A Brahminy kite (Haliastur indus) on Siargao Island.

A Brahminy Kite Across the River


Late yesterday afternoon I spotted these brahminy kites across the river from our property. 

Brahminy kites (Haliastur indus) on Siargao Island.

I’ve been recently scouring the trees with binoculars and a spotting scope hoping to find the white-bellied sea eagle again and maybe even its nest. However, I’ve mostly seen the brahminy kites which are common residents on Siargao. We watch these raptors daily as they circle overhead looking for fish and other prey in and around the river. Besides fish, the brahminy kite eats crustaceans, smaller birds, amphibians, reptiles, and even bats.

Brahminy kite (Haliastur indus) on Siargao Island.
A brahminy kite (Haliastur indus) seen resting in a tree between hunting forays.

The brahminy kite ranges from the Indian subcontinent, Southeast Asia, and all the way to Australia. On Siargao, this bird is the most commonly seen raptor. They’re often observed around rivers, estuaries, rice fields, marshes aw well as in the mangroves and around the port areas.

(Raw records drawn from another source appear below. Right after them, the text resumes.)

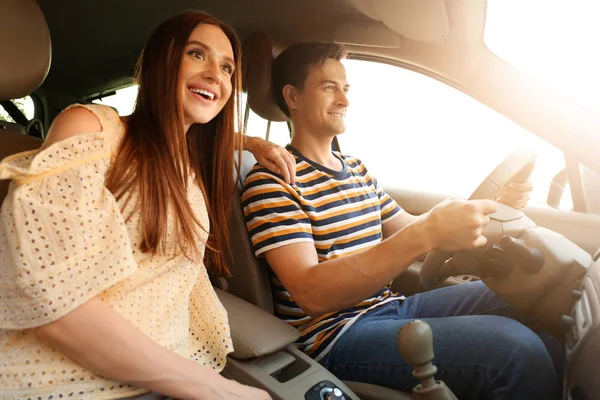 Happy couple sitting in their new car — Stock Photo, Image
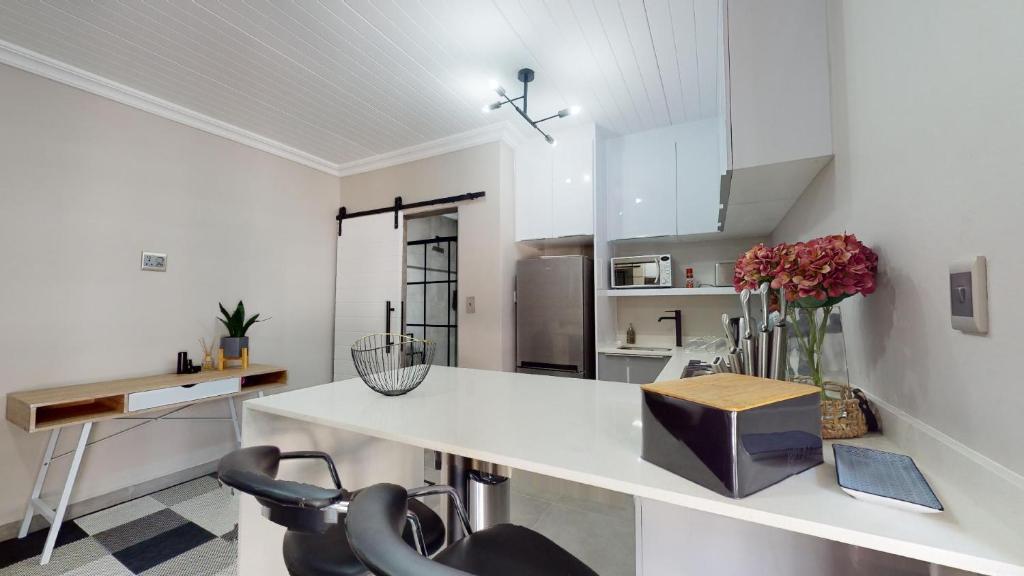 uma cozinha com um balcão branco e cadeiras em Seas the day Scottburgh by Top Destinations Rentals em Scottburgh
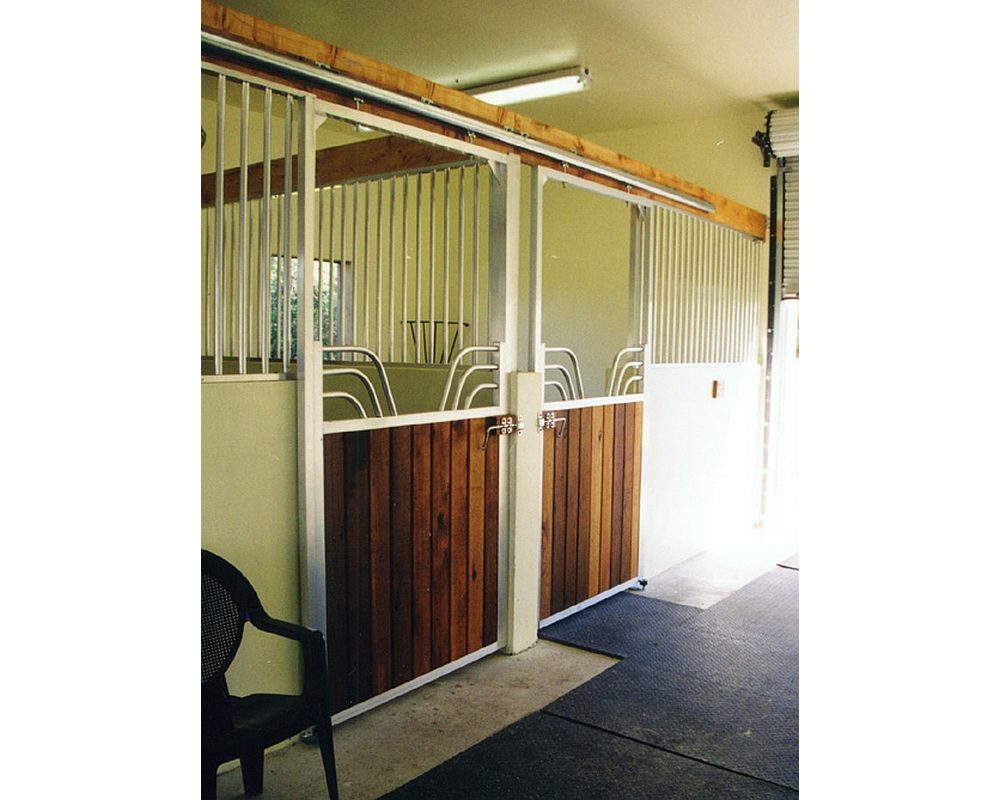 Gossip top sliding horse stall door with vertical tongue and groove lumber.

Some other raptors we see here on Siargao are the Philippine serpent eagle and the Philippine honey buzzard. The chesnut-colored plumage and black wing tips of the brahminy kite and its bright white head and breast makes it easy to identify and distinguish it from other raptors, however.

Brahminy kites (Haliastur indus) on Siargao Island.
A pair of brahminy kites

As an aside, I’ve heard more than a few visitors call this bird the “Philippine eagle” which, of course, is much larger and very distinctive in appearance. I’m not aware of any recent records of the Philippine eagle on Siargao.

The local name for the brahminy kite is easy enough to remember. It’s called ‘banog’ which means kite!

Here’s another shot from last year of our most common raptor together with a crow taken early on a rainy morning:

A Brahminy kite (Haliastur indus) sharing space with a large-billed crow.
A brahminy kite sharing space with a large-billed crow.